» Exercise goal:
An exact reproduction of the listing is wanted, with the pictures dropped.

» Provided material:
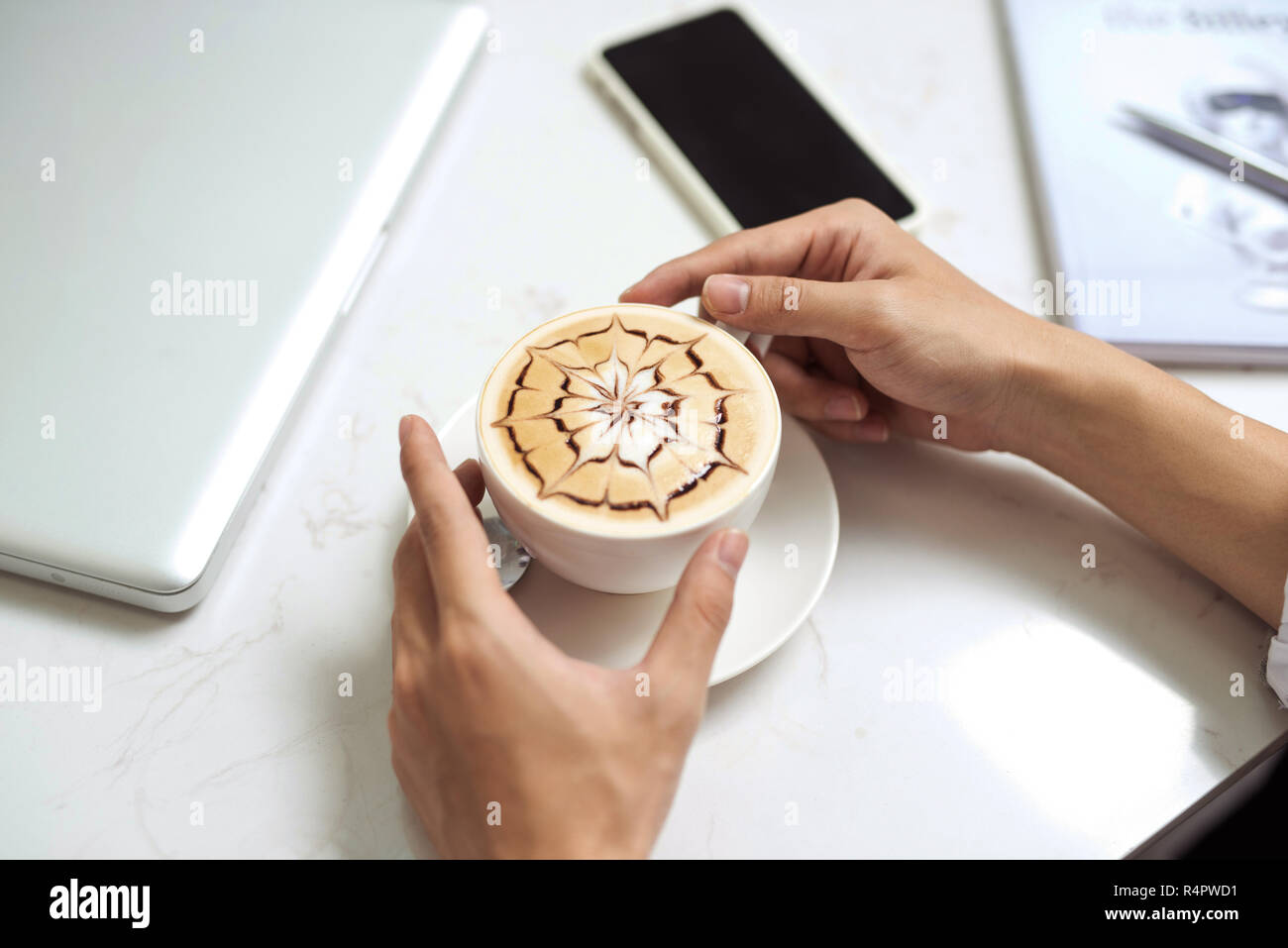 Imprenditore asiatico tramite telefono cellulare durante la pausa caffè sul tavolo in coffee shop Foto Stock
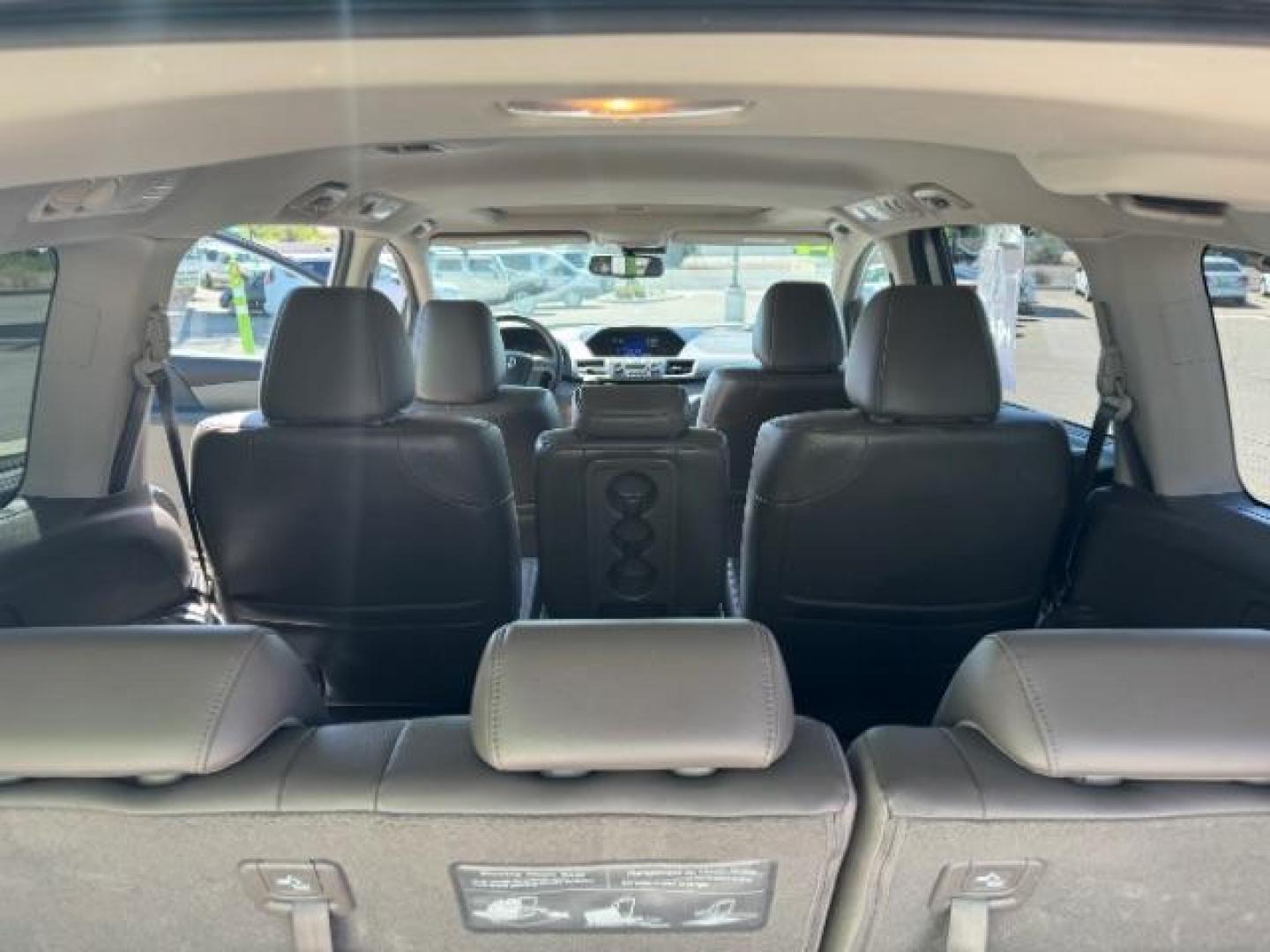 2014 Alabaster Silver Metallic /Beige Honda Odyssey EX-L (5FNRL5H62EB) with an 3.5L V6 SOHC 24V engine, 6-Speed Automatic transmission, located at 1865 East Red Hills Pkwy, St. George, 84770, (435) 628-0023, 37.120850, -113.543640 - We specialize in helping ALL people get the best financing available. No matter your credit score, good, bad or none we can get you an amazing rate. Had a bankruptcy, divorce, or repossessions? We give you the green light to get your credit back on the road. Low down and affordable payments that fit - Photo#25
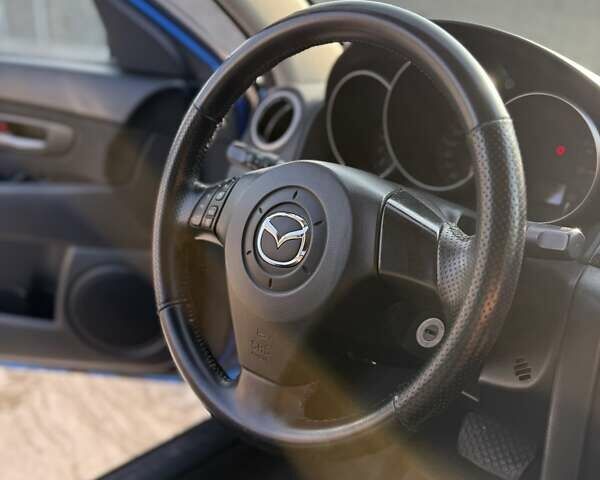 Синий Мазда 3, объемом двигателя 1.6 л и пробегом 198 тыс. км за 2800 $, фото 18 на Automoto.ua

» Response area:
 Imprenditore asiatico tramite telefono cellulare durante la pausa caffè sul tavolo in coffee shop Foto Stock
 2014 Alabaster Silver Metallic /Beige Honda Odyssey EX-L (5FNRL5H62EB) with an 3.5L V6 SOHC 24V engine, 6-Speed Automatic transmission, located at 1865 East Red Hills Pkwy, St. George, 84770, (435) 628-0023, 37.120850, -113.543640 - We specialize in helping ALL people get the best financing available. No matter your credit score, good, bad or none we can get you an amazing rate. Had a bankruptcy, divorce, or repossessions? We give you the green light to get your credit back on the road. Low down and affordable payments that fit - Photo#25
 Синий Мазда 3, объемом двигателя 1.6 л и пробегом 198 тыс. км за 2800 $, фото 18 на Automoto.ua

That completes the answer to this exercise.